In the research for my previous posts on kurtosis, I ran across mentions of kurtosis risk. I wasn’t up to diving into that, and getting too far away from what I was writing about in those posts. mc spacer retweeted More On Skew and Kurtosis. I reread the post and decided to conquer kurtosis risk. The exploration was underway.

One of the things they don’t teach you about in that into stats class is the logical proof of what we are doing. We take a mean without checking its normality. We go forward with the normal distribution as if it were normal, ordinary, usual, typical, non-problematic. Then, we meet the data, and it’s anything but normal. When meeting the data, we also meet skew risk and kurtosis risk. It’s like meeting your spouse to be’s mom. Usually, you meet your spouse to be’s dad at the same time. Yeah, they all show up at the same time.

You might get taught various ways to approximate the mean when you have less than 30 data points, aka when your sample is too small. That less than 30 data points is the space where skew risk and kurtosis risk happen. The sample statistics drive around a while getting close to the as yet unknown population mean, equalling it a few times, circling it, and finally pulling in and moving in. Our collection of sample means eventually approximates the population mean.

In artificial intelligence, back in the old days when it was important to think like a human, back in the days of expert systems, we encode the logic in augmented transition networks. A single transition would look like IF StopSign, THEN Stop. Of course, that’s not a network yet. That would wait until we wrote another, IF YeildSign, THEN Yield. That’s just another transition. Those two transitions would with some additional infrastructure become a network, thus they would become an augmented transition network. To make this easier, we used a descriptive language, rather than a procedural one. Prolog gives you the widest infrastructure. Prolog let you present it with a collection of transitions and it would build the proof to achieve the goal. It built a tree and trimmed the inconsistent branches.

We’ve seen that building the tree and trimming the inconsistent branches before. We use generative grammars to build a decision tree for a potential product, and constraints to trim that decision tree, so we arrive at the product fit for the moment. There is a logical argument to our product.

Similarly, there is a logical argument, or a proof, to our statistical analysis. There in that proof of our statistical analysis, our skew and kurtosis risk emerge.

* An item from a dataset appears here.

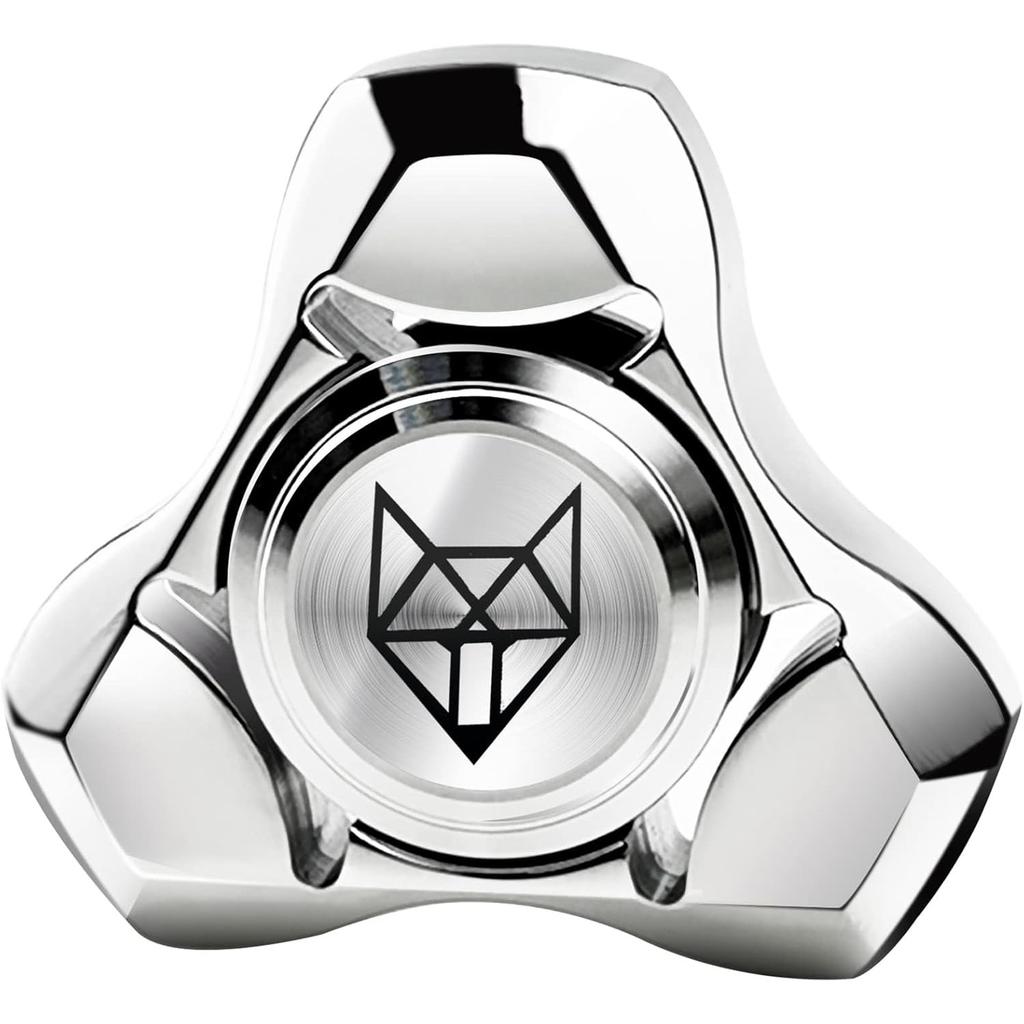 Metal Fidget Spinner for Adults, Stainless Steel Heavy Spinning Toys, Small Mini Fox Hand Gyro, Bearing Premium Long High Spin Fidget Block, Silver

Statistics happen after our data is collected. We think in terms of given (IF or WhatIF, WIF) this data, then these statistics. We don’t think about that driving around as looking for the population mean, as a process. Statistics is static, excepting the Bayesian approach. Logic insists. The proof frames everything we do. When computing a mean, the proof is going to insist on normality. But, this logical insistence is about the future, which means we are actually doing an AsIf analysis. We imagine that we checked for normality. We imagine that we know what we are doing since nobody told us any different yet. An AsIf analysis imagines a future and uses those imagined numbers as the basis for an analysis. In that imagining of the future, we are planning, we are allocating resources, we are taking risks. With samples, those risks are skewness and kurtosis risks.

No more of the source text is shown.